The results obtained with these materials synthesized using trimethoxyphenylsilane confirm our previous observations with the N-propyltriethoxysilane: XRRD data prove the formation of two different lamellar materials, and ²⁷Al NMR analyses show the presence of aluminum in both octahedral and tetrahedral sheets, which is, respectively, observed in hydrotalcite and saponite-like materials. Moreover, it seems that the increase in the aluminum content in the samples induce more defects in the structures and a greater ratio of LDH formed during the sol–gel synthesis.

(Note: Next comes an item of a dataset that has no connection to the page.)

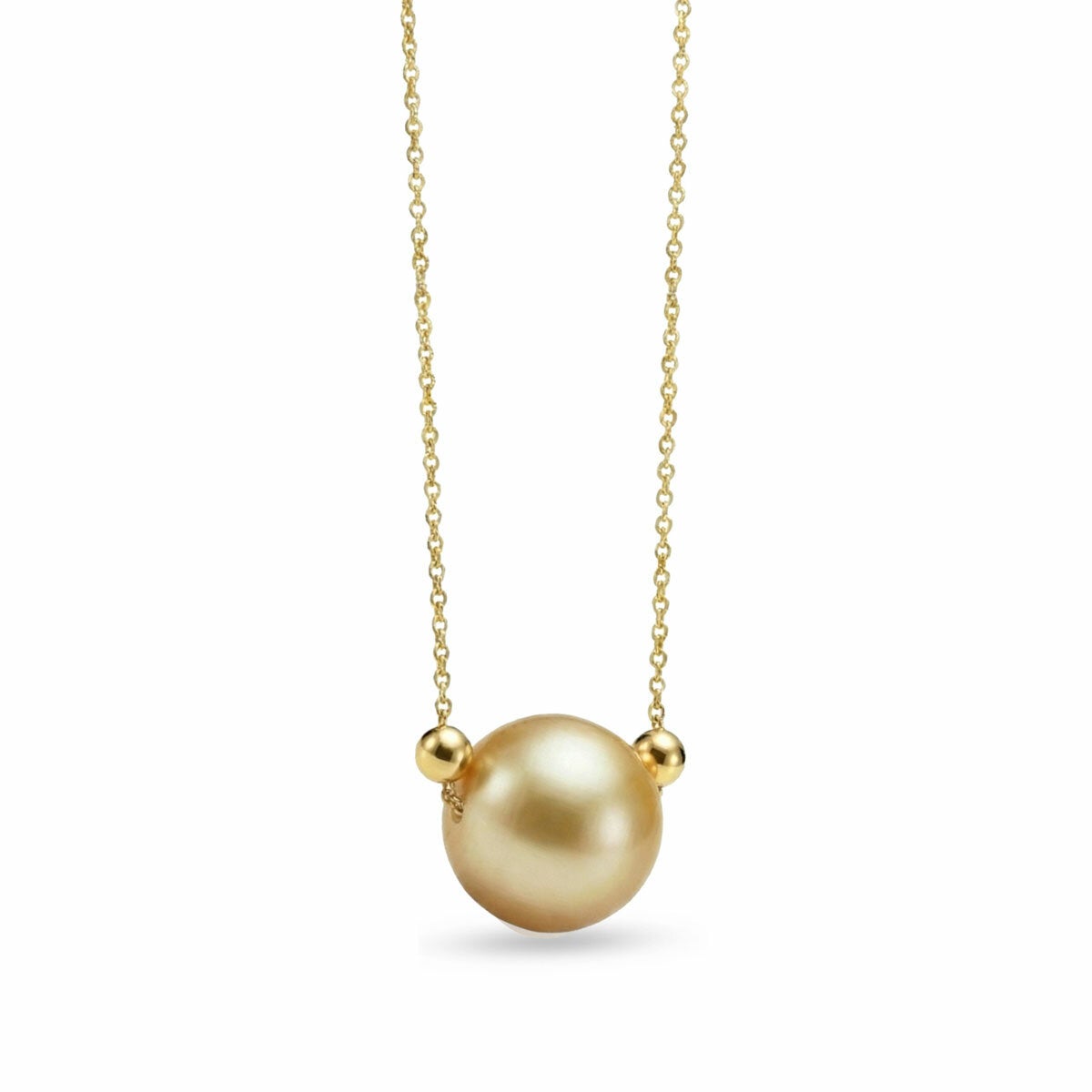 10.5-11mm Golden Southsea Pearl Necklace, 14ct Yellow Gold 10.5-11mm Golden Southsea Pearl Necklace, 14ct Yellow Gold
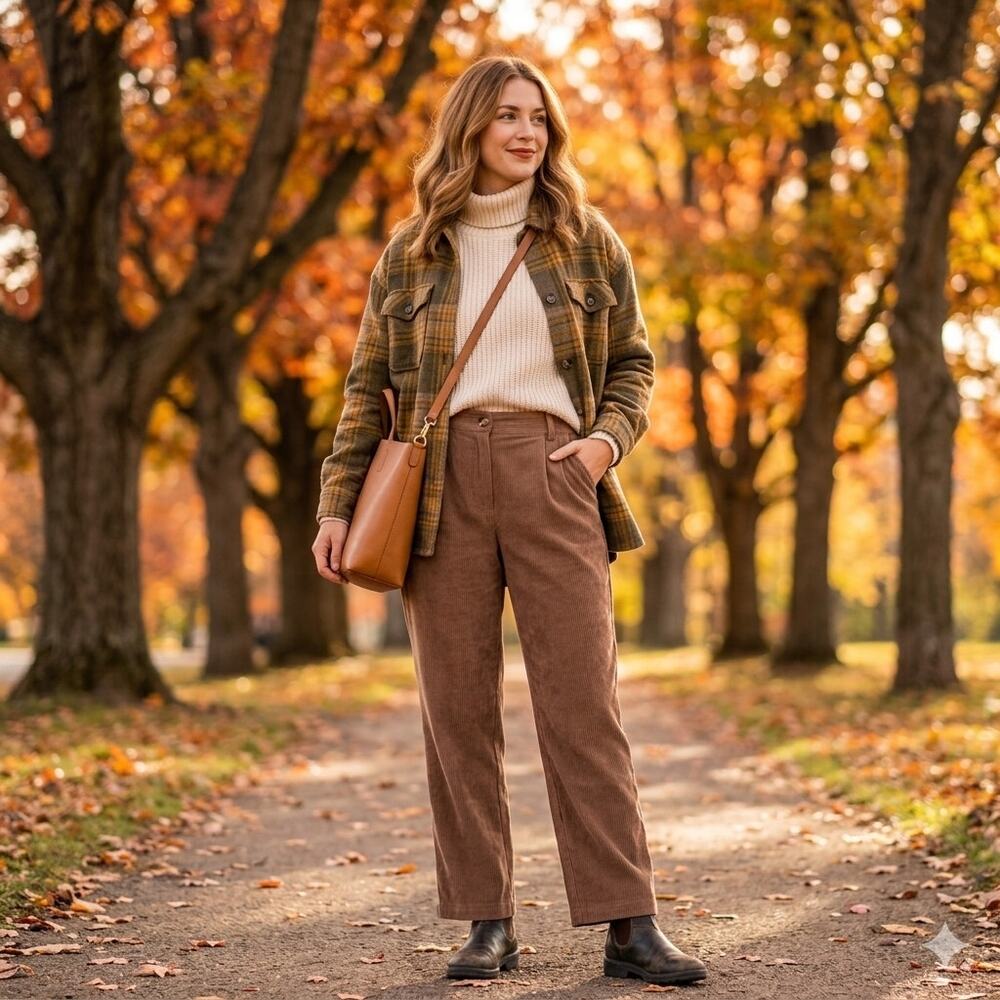 Harlara Pants Corduroy Brown Womens Fall Boot Cut Classic Casual Hi Waisted MR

The most plausible hypothesis to the formation of such a material instead of the expected hybrid organic–inorganic saponite-like product is the nonformation of tetrahedral SiAl sheets, which may be related to the precursors. According to the results mentioned previously, NMR data show the synthesized materials are mainly made of aluminum in octahedral positions, even if some traces of tetrahedral silicon are detected. The XRD patterns of the synthesized materials are similar to MgAl LDHs called hydrotalcite, and the remaining silicon into the samples can be related to the presence of some layers of lamellar hybrid organic–inorganic, as expected at the beginning of this study.